**Task instructions**
Each entry should be duplicated exactly, with no line missing.

**Data listing**
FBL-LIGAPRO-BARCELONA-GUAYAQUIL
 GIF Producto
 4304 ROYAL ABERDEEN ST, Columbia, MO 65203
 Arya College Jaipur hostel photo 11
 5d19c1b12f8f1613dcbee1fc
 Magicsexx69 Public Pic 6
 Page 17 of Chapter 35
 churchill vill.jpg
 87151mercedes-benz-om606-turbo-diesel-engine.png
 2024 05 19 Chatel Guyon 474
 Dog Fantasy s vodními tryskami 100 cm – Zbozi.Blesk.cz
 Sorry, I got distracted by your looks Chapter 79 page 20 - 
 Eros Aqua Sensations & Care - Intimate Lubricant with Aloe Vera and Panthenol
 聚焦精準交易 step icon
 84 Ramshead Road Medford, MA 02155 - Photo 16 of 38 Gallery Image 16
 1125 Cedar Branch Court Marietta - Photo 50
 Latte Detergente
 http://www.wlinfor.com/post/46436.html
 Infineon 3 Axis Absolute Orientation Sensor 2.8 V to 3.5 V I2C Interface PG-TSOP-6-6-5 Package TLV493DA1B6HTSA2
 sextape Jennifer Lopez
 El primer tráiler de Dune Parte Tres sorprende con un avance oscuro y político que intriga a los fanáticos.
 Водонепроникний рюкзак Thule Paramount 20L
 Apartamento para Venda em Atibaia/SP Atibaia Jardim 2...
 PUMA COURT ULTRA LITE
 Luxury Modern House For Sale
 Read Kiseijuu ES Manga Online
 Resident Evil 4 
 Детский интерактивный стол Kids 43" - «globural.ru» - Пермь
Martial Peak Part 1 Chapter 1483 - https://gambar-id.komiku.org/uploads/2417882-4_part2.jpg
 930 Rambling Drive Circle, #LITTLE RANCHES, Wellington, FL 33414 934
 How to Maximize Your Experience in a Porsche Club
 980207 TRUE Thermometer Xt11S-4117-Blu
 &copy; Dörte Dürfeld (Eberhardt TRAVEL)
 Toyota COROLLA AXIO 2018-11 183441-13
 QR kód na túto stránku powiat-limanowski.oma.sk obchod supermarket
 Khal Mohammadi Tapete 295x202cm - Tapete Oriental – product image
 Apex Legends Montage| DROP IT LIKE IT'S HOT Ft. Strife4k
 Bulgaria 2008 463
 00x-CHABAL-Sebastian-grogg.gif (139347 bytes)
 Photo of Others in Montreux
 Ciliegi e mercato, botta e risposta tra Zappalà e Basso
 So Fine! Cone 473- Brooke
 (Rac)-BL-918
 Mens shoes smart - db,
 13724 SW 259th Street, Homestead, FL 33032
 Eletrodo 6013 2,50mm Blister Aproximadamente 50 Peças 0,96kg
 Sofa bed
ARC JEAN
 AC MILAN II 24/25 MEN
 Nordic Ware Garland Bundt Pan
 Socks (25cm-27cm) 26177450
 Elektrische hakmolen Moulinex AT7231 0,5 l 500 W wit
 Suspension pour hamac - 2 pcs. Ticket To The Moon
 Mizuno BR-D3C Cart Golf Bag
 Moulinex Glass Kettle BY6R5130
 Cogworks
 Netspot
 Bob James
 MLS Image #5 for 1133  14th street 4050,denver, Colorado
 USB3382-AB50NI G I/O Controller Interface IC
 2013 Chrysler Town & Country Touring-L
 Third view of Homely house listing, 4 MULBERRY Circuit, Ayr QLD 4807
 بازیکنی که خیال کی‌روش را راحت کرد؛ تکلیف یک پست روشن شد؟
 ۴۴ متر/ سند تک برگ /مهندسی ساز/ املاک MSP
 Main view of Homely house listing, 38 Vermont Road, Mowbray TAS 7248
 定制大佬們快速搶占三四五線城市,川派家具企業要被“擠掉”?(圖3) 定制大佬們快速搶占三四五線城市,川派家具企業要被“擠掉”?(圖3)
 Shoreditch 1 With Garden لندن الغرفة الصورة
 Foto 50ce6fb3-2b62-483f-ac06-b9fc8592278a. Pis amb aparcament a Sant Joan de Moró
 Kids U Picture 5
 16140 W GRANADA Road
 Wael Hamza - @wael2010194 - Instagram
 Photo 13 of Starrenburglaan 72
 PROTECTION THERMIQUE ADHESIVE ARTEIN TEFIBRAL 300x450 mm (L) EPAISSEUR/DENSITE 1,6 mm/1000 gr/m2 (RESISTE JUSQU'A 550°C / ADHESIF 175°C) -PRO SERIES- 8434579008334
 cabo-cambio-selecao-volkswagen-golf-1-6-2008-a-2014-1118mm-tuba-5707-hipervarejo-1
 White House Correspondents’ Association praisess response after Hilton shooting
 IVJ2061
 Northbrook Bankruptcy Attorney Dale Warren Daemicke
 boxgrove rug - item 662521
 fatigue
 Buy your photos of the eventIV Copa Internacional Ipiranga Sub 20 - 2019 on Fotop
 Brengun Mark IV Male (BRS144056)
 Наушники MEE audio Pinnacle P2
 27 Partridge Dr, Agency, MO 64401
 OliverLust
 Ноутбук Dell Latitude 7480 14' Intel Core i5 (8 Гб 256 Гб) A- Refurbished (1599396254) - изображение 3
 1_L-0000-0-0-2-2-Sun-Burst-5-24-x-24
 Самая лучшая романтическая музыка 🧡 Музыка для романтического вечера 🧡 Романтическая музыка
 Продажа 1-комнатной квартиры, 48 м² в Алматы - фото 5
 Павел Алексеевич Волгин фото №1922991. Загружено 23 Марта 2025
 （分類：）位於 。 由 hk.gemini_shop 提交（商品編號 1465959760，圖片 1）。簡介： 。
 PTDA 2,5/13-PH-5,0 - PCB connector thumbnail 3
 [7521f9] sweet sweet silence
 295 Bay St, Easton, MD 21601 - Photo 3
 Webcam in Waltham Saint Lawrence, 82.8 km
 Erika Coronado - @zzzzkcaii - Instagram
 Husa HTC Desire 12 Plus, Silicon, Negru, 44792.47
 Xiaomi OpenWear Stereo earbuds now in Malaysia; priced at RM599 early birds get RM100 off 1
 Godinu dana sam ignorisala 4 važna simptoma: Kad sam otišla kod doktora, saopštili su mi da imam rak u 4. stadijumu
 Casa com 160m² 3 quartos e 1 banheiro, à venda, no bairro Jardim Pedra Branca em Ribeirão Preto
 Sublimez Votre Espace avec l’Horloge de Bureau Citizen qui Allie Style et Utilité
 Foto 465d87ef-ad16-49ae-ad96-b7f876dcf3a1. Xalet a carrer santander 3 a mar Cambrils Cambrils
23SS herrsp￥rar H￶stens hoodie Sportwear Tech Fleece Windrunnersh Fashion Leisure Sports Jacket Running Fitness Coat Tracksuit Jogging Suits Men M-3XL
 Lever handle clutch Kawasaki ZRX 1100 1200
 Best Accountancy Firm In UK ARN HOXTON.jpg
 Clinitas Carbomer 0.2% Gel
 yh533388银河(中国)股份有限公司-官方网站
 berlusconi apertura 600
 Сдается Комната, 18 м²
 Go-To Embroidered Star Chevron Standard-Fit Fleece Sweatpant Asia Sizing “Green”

**Result of the task**
FBL-LIGAPRO-BARCELONA-GUAYAQUIL
 GIF Producto
 4304 ROYAL ABERDEEN ST, Columbia, MO 65203
 Arya College Jaipur hostel photo 11
 5d19c1b12f8f1613dcbee1fc
 Magicsexx69 Public Pic 6
 Page 17 of Chapter 35
 churchill vill.jpg
 87151mercedes-benz-om606-turbo-diesel-engine.png
 2024 05 19 Chatel Guyon 474
 Dog Fantasy s vodními tryskami 100 cm – Zbozi.Blesk.cz
 Sorry, I got distracted by your looks Chapter 79 page 20 - 
 Eros Aqua Sensations & Care - Intimate Lubricant with Aloe Vera and Panthenol
 聚焦精準交易 step icon
 84 Ramshead Road Medford, MA 02155 - Photo 16 of 38 Gallery Image 16
 1125 Cedar Branch Court Marietta - Photo 50
 Latte Detergente
 http://www.wlinfor.com/post/46436.html
 Infineon 3 Axis Absolute Orientation Sensor 2.8 V to 3.5 V I2C Interface PG-TSOP-6-6-5 Package TLV493DA1B6HTSA2
 sextape Jennifer Lopez
 El primer tráiler de Dune Parte Tres sorprende con un avance oscuro y político que intriga a los fanáticos.
 Водонепроникний рюкзак Thule Paramount 20L
 Apartamento para Venda em Atibaia/SP Atibaia Jardim 2...
 PUMA COURT ULTRA LITE
 Luxury Modern House For Sale
 Read Kiseijuu ES Manga Online
 Resident Evil 4 
 Детский интерактивный стол Kids 43" - «globural.ru» - Пермь
Martial Peak Part 1 Chapter 1483 - https://gambar-id.komiku.org/uploads/2417882-4_part2.jpg
 930 Rambling Drive Circle, #LITTLE RANCHES, Wellington, FL 33414 934
 How to Maximize Your Experience in a Porsche Club
 980207 TRUE Thermometer Xt11S-4117-Blu
 &copy; Dörte Dürfeld (Eberhardt TRAVEL)
 Toyota COROLLA AXIO 2018-11 183441-13
 QR kód na túto stránku powiat-limanowski.oma.sk obchod supermarket
 Khal Mohammadi Tapete 295x202cm - Tapete Oriental – product image
 Apex Legends Montage| DROP IT LIKE IT'S HOT Ft. Strife4k
 Bulgaria 2008 463
 00x-CHABAL-Sebastian-grogg.gif (139347 bytes)
 Photo of Others in Montreux
 Ciliegi e mercato, botta e risposta tra Zappalà e Basso
 So Fine! Cone 473- Brooke
 (Rac)-BL-918
 Mens shoes smart - db,
 13724 SW 259th Street, Homestead, FL 33032
 Eletrodo 6013 2,50mm Blister Aproximadamente 50 Peças 0,96kg
 Sofa bed
ARC JEAN
 AC MILAN II 24/25 MEN
 Nordic Ware Garland Bundt Pan
 Socks (25cm-27cm) 26177450
 Elektrische hakmolen Moulinex AT7231 0,5 l 500 W wit
 Suspension pour hamac - 2 pcs. Ticket To The Moon
 Mizuno BR-D3C Cart Golf Bag
 Moulinex Glass Kettle BY6R5130
 Cogworks
 Netspot
 Bob James
 MLS Image #5 for 1133  14th street 4050,denver, Colorado
 USB3382-AB50NI G I/O Controller Interface IC
 2013 Chrysler Town & Country Touring-L
 Third view of Homely house listing, 4 MULBERRY Circuit, Ayr QLD 4807
 بازیکنی که خیال کی‌روش را راحت کرد؛ تکلیف یک پست روشن شد؟
 ۴۴ متر/ سند تک برگ /مهندسی ساز/ املاک MSP
 Main view of Homely house listing, 38 Vermont Road, Mowbray TAS 7248
 定制大佬們快速搶占三四五線城市,川派家具企業要被“擠掉”?(圖3) 定制大佬們快速搶占三四五線城市,川派家具企業要被“擠掉”?(圖3)
 Shoreditch 1 With Garden لندن الغرفة الصورة
 Foto 50ce6fb3-2b62-483f-ac06-b9fc8592278a. Pis amb aparcament a Sant Joan de Moró
 Kids U Picture 5
 16140 W GRANADA Road
 Wael Hamza - @wael2010194 - Instagram
 Photo 13 of Starrenburglaan 72
 PROTECTION THERMIQUE ADHESIVE ARTEIN TEFIBRAL 300x450 mm (L) EPAISSEUR/DENSITE 1,6 mm/1000 gr/m2 (RESISTE JUSQU'A 550°C / ADHESIF 175°C) -PRO SERIES- 8434579008334
 cabo-cambio-selecao-volkswagen-golf-1-6-2008-a-2014-1118mm-tuba-5707-hipervarejo-1
 White House Correspondents’ Association praisess response after Hilton shooting
 IVJ2061
 Northbrook Bankruptcy Attorney Dale Warren Daemicke
 boxgrove rug - item 662521
 fatigue
 Buy your photos of the eventIV Copa Internacional Ipiranga Sub 20 - 2019 on Fotop
 Brengun Mark IV Male (BRS144056)
 Наушники MEE audio Pinnacle P2
 27 Partridge Dr, Agency, MO 64401
 OliverLust
 Ноутбук Dell Latitude 7480 14' Intel Core i5 (8 Гб 256 Гб) A- Refurbished (1599396254) - изображение 3
 1_L-0000-0-0-2-2-Sun-Burst-5-24-x-24
 Самая лучшая романтическая музыка 🧡 Музыка для романтического вечера 🧡 Романтическая музыка
 Продажа 1-комнатной квартиры, 48 м² в Алматы - фото 5
 Павел Алексеевич Волгин фото №1922991. Загружено 23 Марта 2025
 （分類：）位於 。 由 hk.gemini_shop 提交（商品編號 1465959760，圖片 1）。簡介： 。
 PTDA 2,5/13-PH-5,0 - PCB connector thumbnail 3
 [7521f9] sweet sweet silence
 295 Bay St, Easton, MD 21601 - Photo 3
 Webcam in Waltham Saint Lawrence, 82.8 km
 Erika Coronado - @zzzzkcaii - Instagram
 Husa HTC Desire 12 Plus, Silicon, Negru, 44792.47
 Xiaomi OpenWear Stereo earbuds now in Malaysia; priced at RM599 early birds get RM100 off 1
 Godinu dana sam ignorisala 4 važna simptoma: Kad sam otišla kod doktora, saopštili su mi da imam rak u 4. stadijumu
 Casa com 160m² 3 quartos e 1 banheiro, à venda, no bairro Jardim Pedra Branca em Ribeirão Preto
 Sublimez Votre Espace avec l’Horloge de Bureau Citizen qui Allie Style et Utilité
 Foto 465d87ef-ad16-49ae-ad96-b7f876dcf3a1. Xalet a carrer santander 3 a mar Cambrils Cambrils
23SS herrsp￥rar H￶stens hoodie Sportwear Tech Fleece Windrunnersh Fashion Leisure Sports Jacket Running Fitness Coat Tracksuit Jogging Suits Men M-3XL
 Lever handle clutch Kawasaki ZRX 1100 1200
 Best Accountancy Firm In UK ARN HOXTON.jpg
 Clinitas Carbomer 0.2% Gel
 yh533388银河(中国)股份有限公司-官方网站
 berlusconi apertura 600
 Сдается Комната, 18 м²
 Go-To Embroidered Star Chevron Standard-Fit Fleece Sweatpant Asia Sizing “Green”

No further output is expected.